After loading your program into the ELF II you probably want the computer to execute it. This is done by setting RUN on, and LOAD off. We will call this the Run mode. It is generally best to enter the Run mode from the Reset state. That is, turn both switches off, then turn the RUN switch on. Since P is 0 and address register R0 is also 0, the first instruction to be executed will be the byte you loaded into location 0. The second instruction will be the byte you loaded into location 1 (unless the first instruction was more than one byte; in that case the second instruction may come from memory location 2 or 3). Chapters 3-6 are a detailed description of how each instruction is executed, so I will say no more at this time.

The fourth possible combination of the RUN and LOAD switches is both on. This is called the Wait state because it is used to stop the computer from executing without resetting it. If you put the computer back in the Run mode, it will continue where it left off. Wait will also stop the computer from proceeding in the Load mode, but that is not of much value, since it is normally waiting for you to push the "I" key anyway. You cannot depend on switching the computer from Load to Run, or from Run to Load by going through Wait, because whatever the computer is doing when it enters the Wait state is not finished, and so it may not be able to properly start up in the other mode.

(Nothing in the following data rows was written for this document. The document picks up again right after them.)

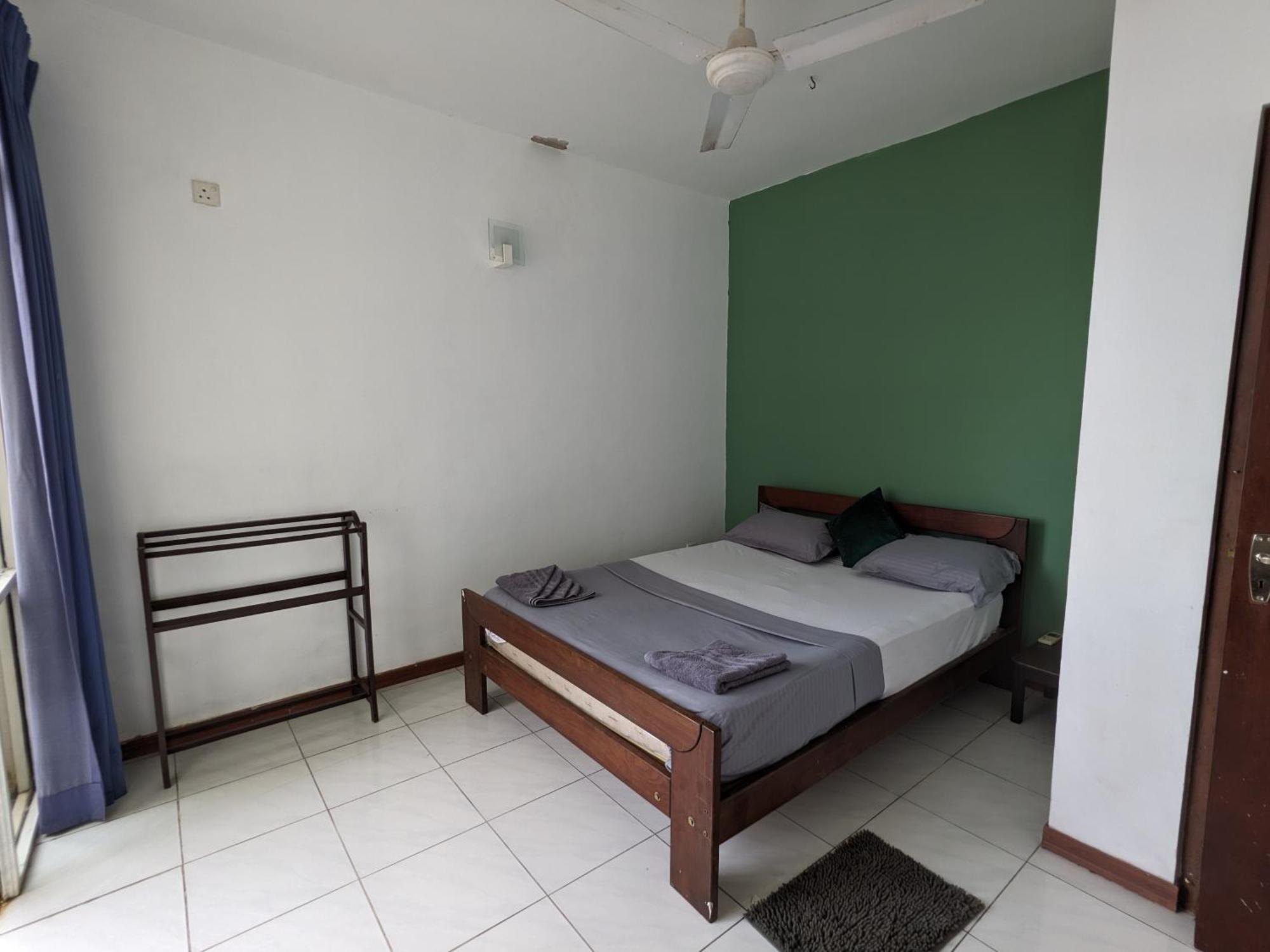 Palmyrah Residencies Hotel Kolombo Bagian luar foto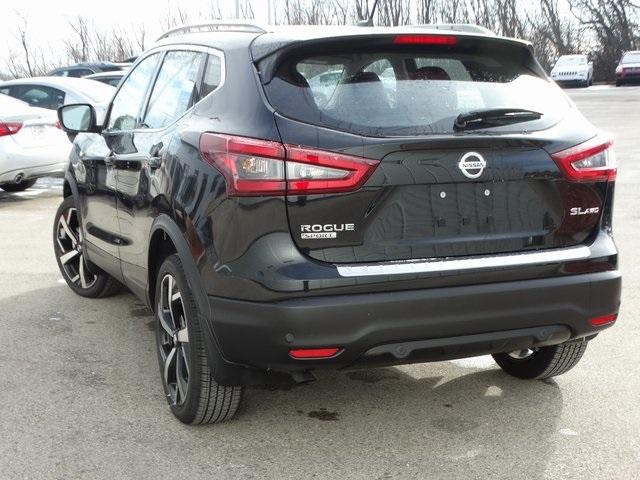 51769-3512-nissan-roguesport-2020-27410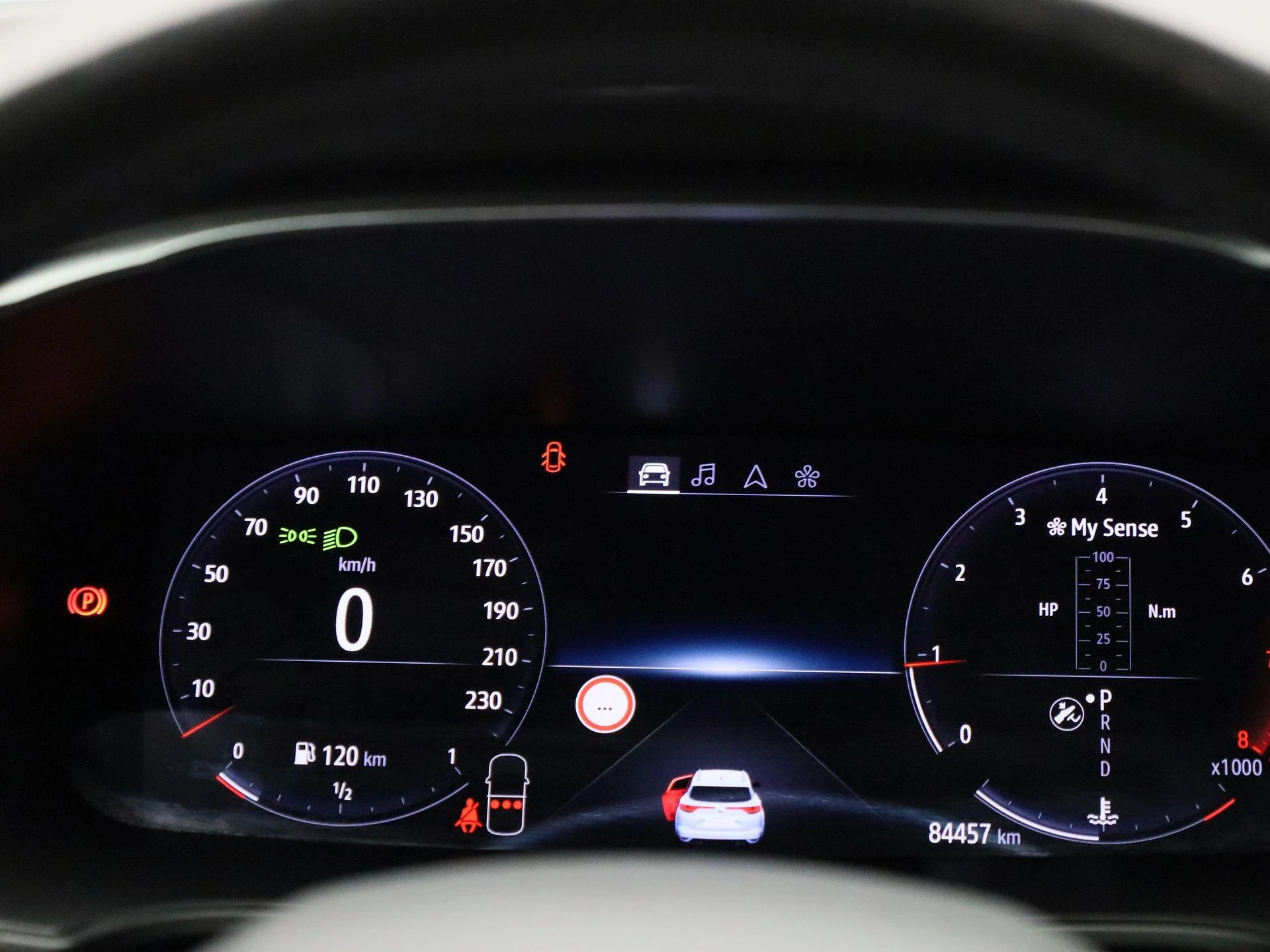Renault-Mégane Estate-image-8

All of the programs given as examples in this book follow a fixed format. After you have used this format for a while you will begin to find that reading programs written in this format is much easier than when they are some other format. I strongly urge you to use the same format, at least until you get used to programming and find something better. Appendix C in the back of this book is a blank page ruled for coding this format; you may wish to use it to make several photocopies, or you may prefer to buy one or more pads of ruled forms from Netronics.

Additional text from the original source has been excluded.